WORK REQUEST
For this exercise, write out the full listing that follows exactly and skip its pictures.

RAW DATA
------------------------------------------------------------
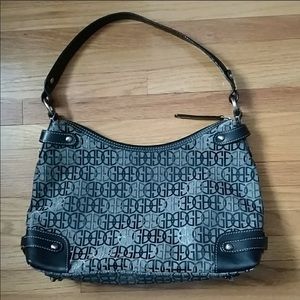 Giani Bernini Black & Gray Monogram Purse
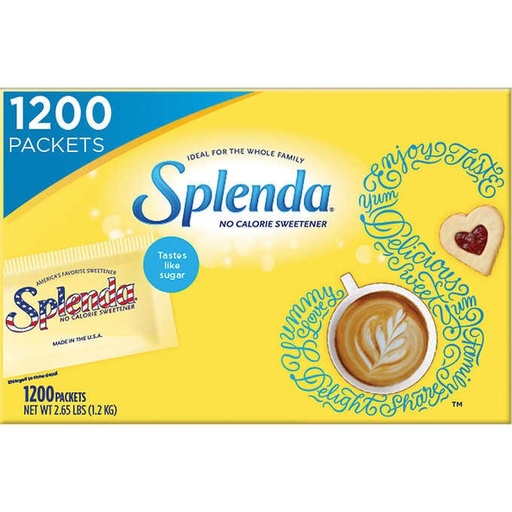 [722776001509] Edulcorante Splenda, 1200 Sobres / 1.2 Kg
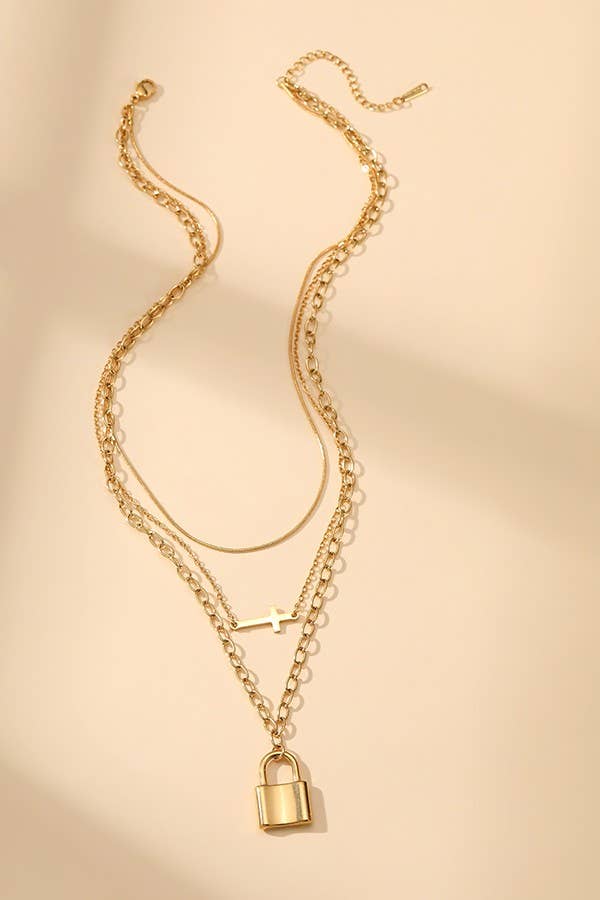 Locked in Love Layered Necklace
------------------------------------------------------------
SOLUTION TO THE EXERCISE
 Giani Bernini Black & Gray Monogram Purse
 [722776001509] Edulcorante Splenda, 1200 Sobres / 1.2 Kg
 Locked in Love Layered Necklace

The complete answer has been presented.